Torno ad accoccolarmi per terra. Le formiche devono essere riuscite a portare la loro preda nel formicaio perché non le vedo più — o forse ho sbagliato il luogo. Il secchiello si è rovesciato, ma io non ho più voglia di giuocare. Comincio a sentirmi inquieta: e se la zia si dimentica di me, del mio compleanno e del mio gelato? L' orologio ha già sonato da un pezzo le quattro e mezza. Dalla strada vedo passare le solite bambine del Collegio che tutti i giorni a quell' ora fanno una passeggiatina verso il mare. Camminano in fila: prima le piccole, poi via via le più grandi; e — in cima e in fondo alla fila — ci sono due suore con gli scuffoni sventolanti intorno al viso, e la corona del Rosario che sbatte a ogni passo dell' ampia gonna. Le bimbe sono tutte vestite in grigio, con un colletto bianco e un cappellino che pare fatto apposta per imbruttirle.
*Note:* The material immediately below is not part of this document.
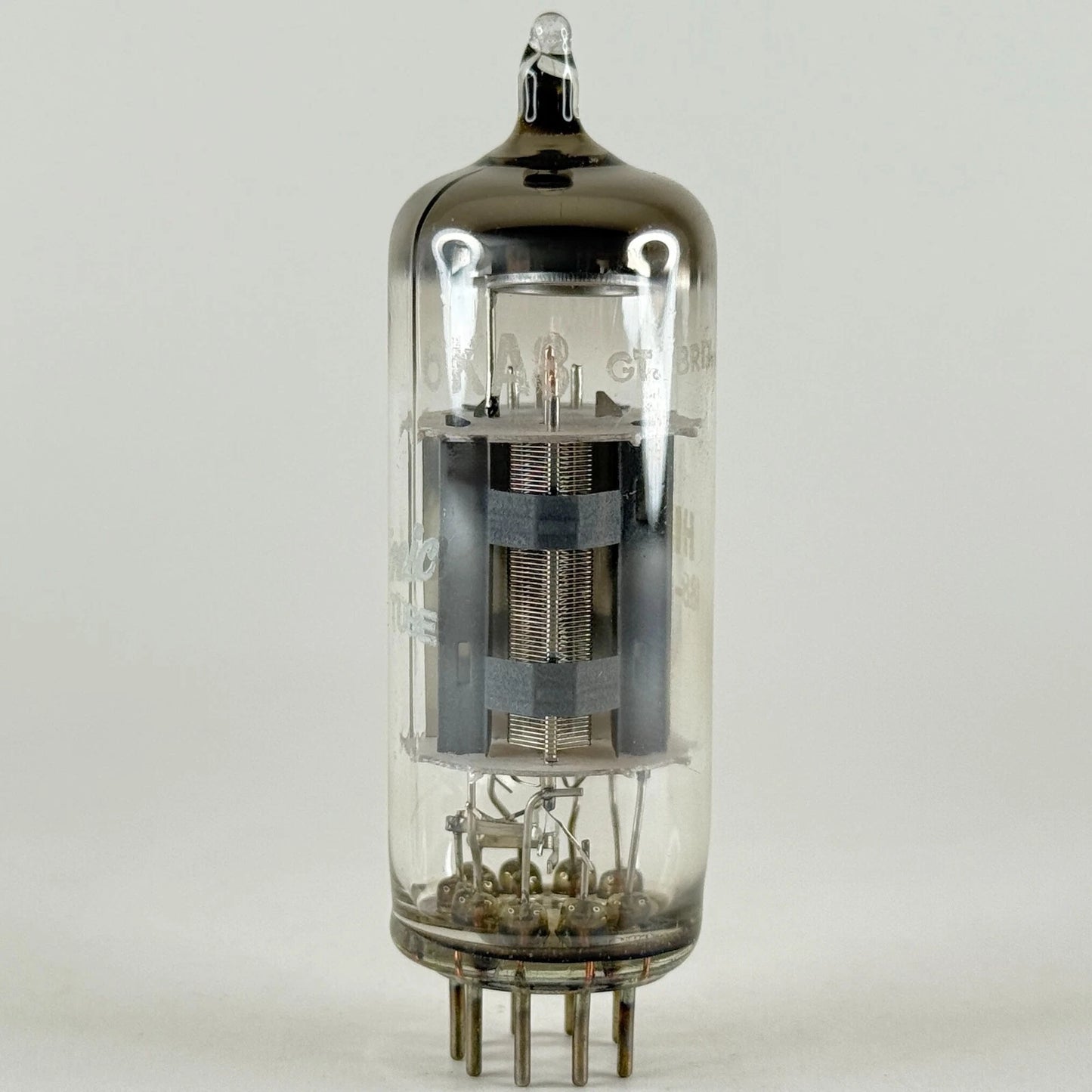 (1) Tested GE 6KA8 Tube with Box Great Britain Date Code HI Triode Pentode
Sopra, nella villetta, qualcuno deve aver aperto il pianoforte, perché sento suonare. Non è la solita musica. Nessuno mi chiama. Il sole, ormai nascosto dagli alberi alti, non fa più luccicare i sassolini, diventati tutti egualmente grigi. Non c' è più dubbio: si sono proprio dimenticati di me, e del buon gelato che io lecco piano piano per farlo durare di più.
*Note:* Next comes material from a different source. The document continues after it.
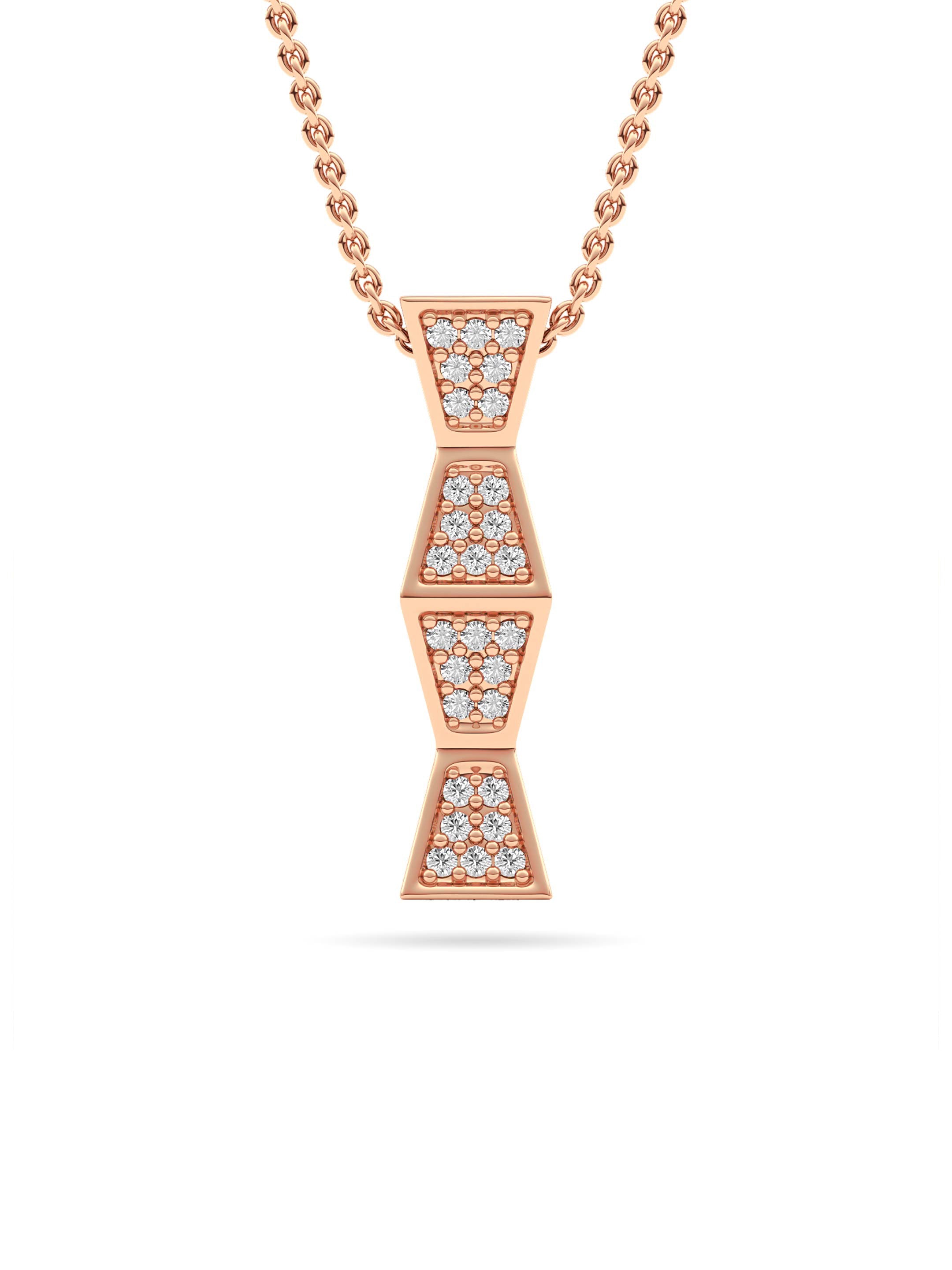 ENDLSS Pendant ~ Pavé Diamonds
Raccolgo, lenta, il secchiello, e torno a casa, nella stanza dei miei giocattoli (non oserei mai entrare nel salotto senza essere chiamata). Mi butto ginocchioni per terra, con la testa appoggiata a una seggiola. Il gatto bianco e nero mi viene incontro, salta sulla sedia per strofinarsi al mio viso. Sento la carezza della sua lunga coda, e lo abbraccio per tuffare le mie lacrime nel suo pelo morbido.

Di sopra, suonano ancora, e adesso una voce di uomo — certamente è di quel signore venuto di fuori via — accenna un motivo. Lo riconoscerò molti anni più tardi: il motivo del << Duetto delle ciliege >>.